(For those who have taken the courses and want to submit for evaluation, please read the instructions linked on the table of contents page.)
- The so-called Zipf’s law can be observed in many different situations. Using your own favorite tools (R, perl, gnulplot, etc.), (a) draw the plots for the Zipf’s law distribution of oligonucleotide frequencies of some genomic sequence. (Pick up your own favorite one from GenBank.) Make plots for monomers through octamers. (b) What can you tell about them? (c) If you transform the plots to log-log plots for the so-called power-law distribution, what would be the values for the exponents?
- Obtain one of the following sets of sequences and write a program to calculate the information content of individual sites.
- exon-intron boundary sequence of human
- RNA polymerase II promoter sequence of human
- any other sequence that you are interested in
Also, create a Sequence Logo using the web service at http://weblogo.berkeley.edu with the sequences.
- ClustalW is the most widely used software for multiple alignment.
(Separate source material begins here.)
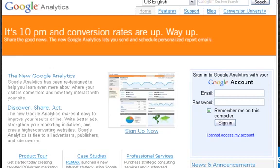As you go further in this program, you will learn all there is to Google Analytics and all it has to offer, and just why it might be one of the best things that you can do for your business.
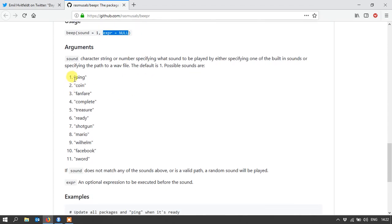But in any case, you've got these eleven sounds you can refer to them either by the name or the number. And yeah, let's have a listen.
Describe how the following important problems in multiple alignment have been overcome in ClustalW. (within 7 lines each.)
(1) The problem that the multidimensional extension of Smith-Waterman algorithm is not computationally practical.
(2) The problem that the order is important for progressive pairwise alignment.
(3) The sequence weighting problem in multiple alignment.
(4) The gap propagation problem in multiple alignment.